Copy every entry exactly as it stands, though any image it holds should stay out of the copy.

- Task material
****************

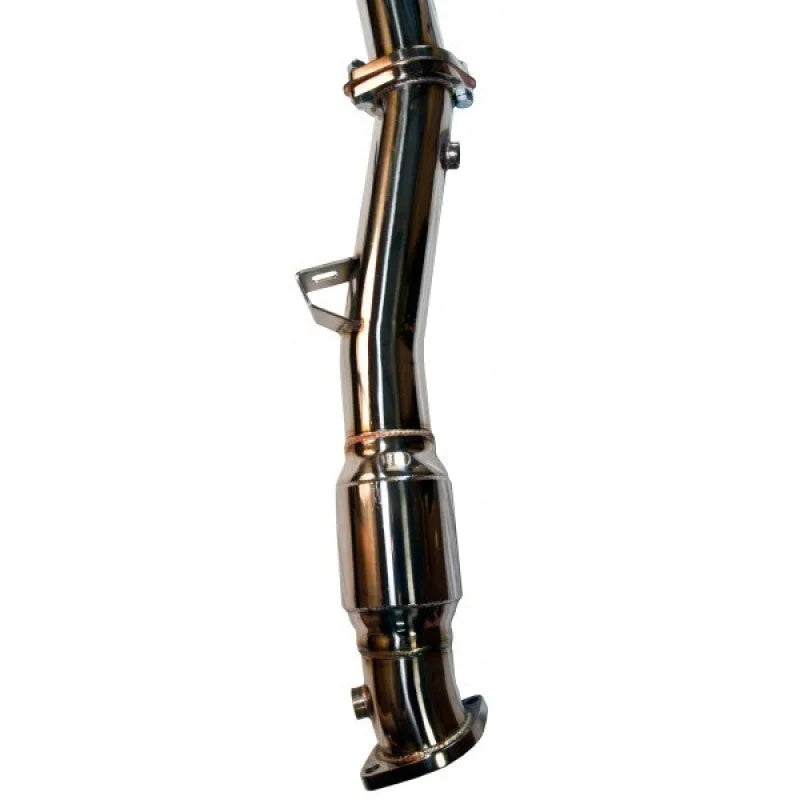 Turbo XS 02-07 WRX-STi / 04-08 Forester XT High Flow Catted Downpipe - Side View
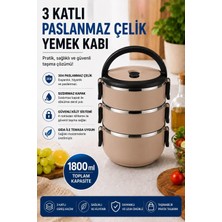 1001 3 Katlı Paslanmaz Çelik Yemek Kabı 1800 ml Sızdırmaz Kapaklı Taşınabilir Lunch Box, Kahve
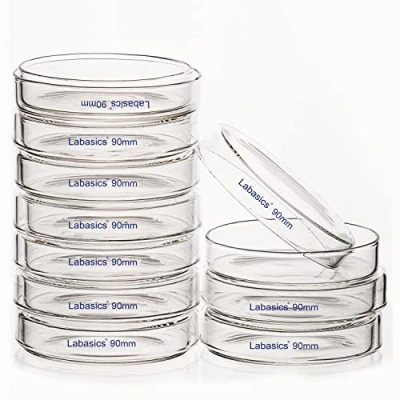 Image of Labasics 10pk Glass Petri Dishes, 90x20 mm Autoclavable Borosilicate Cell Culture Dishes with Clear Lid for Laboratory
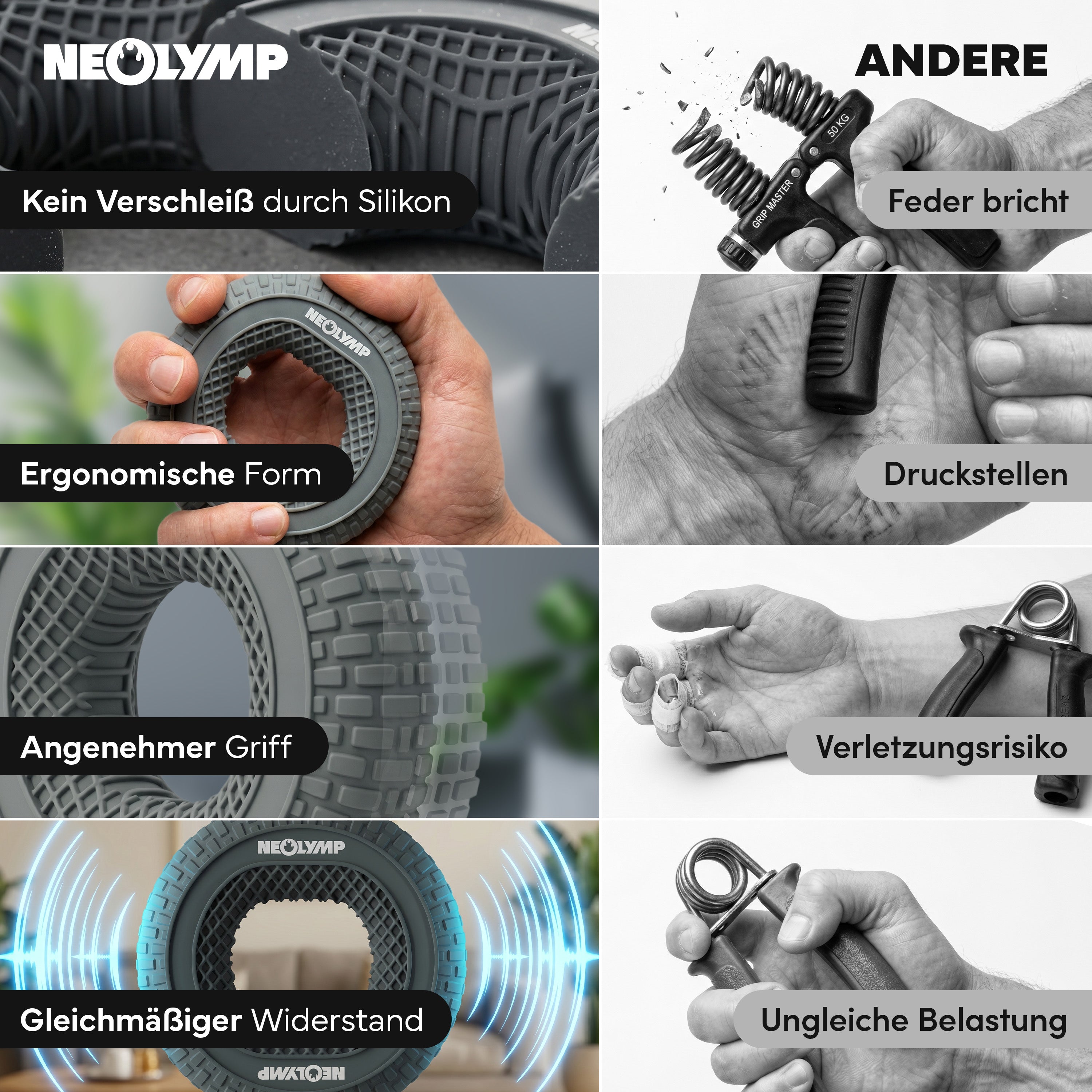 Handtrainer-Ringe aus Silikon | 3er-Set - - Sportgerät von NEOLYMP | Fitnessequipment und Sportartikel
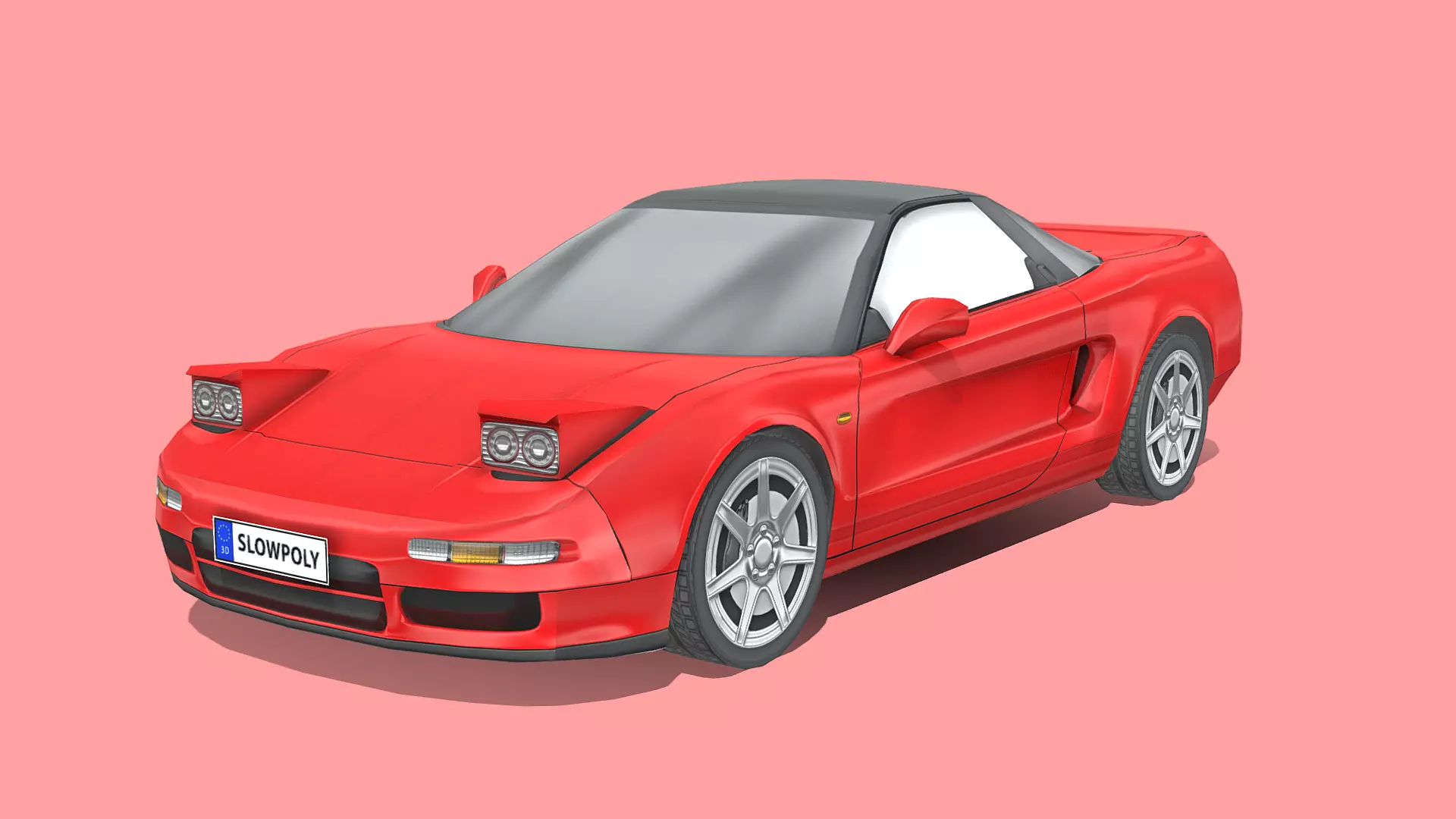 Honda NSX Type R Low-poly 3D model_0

****************

- Written reply
 Turbo XS 02-07 WRX-STi / 04-08 Forester XT High Flow Catted Downpipe - Side View
 1001 3 Katlı Paslanmaz Çelik Yemek Kabı 1800 ml Sızdırmaz Kapaklı Taşınabilir Lunch Box, Kahve
 Image of Labasics 10pk Glass Petri Dishes, 90x20 mm Autoclavable Borosilicate Cell Culture Dishes with Clear Lid for Laboratory
 Handtrainer-Ringe aus Silikon | 3er-Set - - Sportgerät von NEOLYMP | Fitnessequipment und Sportartikel
 Honda NSX Type R Low-poly 3D model_0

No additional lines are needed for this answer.